Scraped caption text data

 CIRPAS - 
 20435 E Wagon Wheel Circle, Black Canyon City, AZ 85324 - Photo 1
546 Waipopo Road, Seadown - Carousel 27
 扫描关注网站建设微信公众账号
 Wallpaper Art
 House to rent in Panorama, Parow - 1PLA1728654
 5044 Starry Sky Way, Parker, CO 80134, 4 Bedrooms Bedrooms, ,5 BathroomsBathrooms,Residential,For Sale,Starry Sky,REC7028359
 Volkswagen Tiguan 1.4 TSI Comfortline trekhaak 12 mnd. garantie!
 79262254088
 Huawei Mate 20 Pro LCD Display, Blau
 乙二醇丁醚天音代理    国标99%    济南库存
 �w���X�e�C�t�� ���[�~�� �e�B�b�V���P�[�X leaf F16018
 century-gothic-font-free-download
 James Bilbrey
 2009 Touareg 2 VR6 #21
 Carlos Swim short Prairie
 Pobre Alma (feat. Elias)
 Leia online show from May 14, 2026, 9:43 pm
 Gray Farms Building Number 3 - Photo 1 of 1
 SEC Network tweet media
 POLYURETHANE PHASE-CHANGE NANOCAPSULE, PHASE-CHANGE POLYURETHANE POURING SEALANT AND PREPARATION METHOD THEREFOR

» **TASK ITEM**:
The answer is a portion of the data. Write out exactly the line with "Carlos Swim short Prairie" and all lines after it.

» **TASK RESULT**:
 Carlos Swim short Prairie
 Pobre Alma (feat. Elias)
 Leia online show from May 14, 2026, 9:43 pm
 Gray Farms Building Number 3 - Photo 1 of 1
 SEC Network tweet media
 POLYURETHANE PHASE-CHANGE NANOCAPSULE, PHASE-CHANGE POLYURETHANE POURING SEALANT AND PREPARATION METHOD THEREFOR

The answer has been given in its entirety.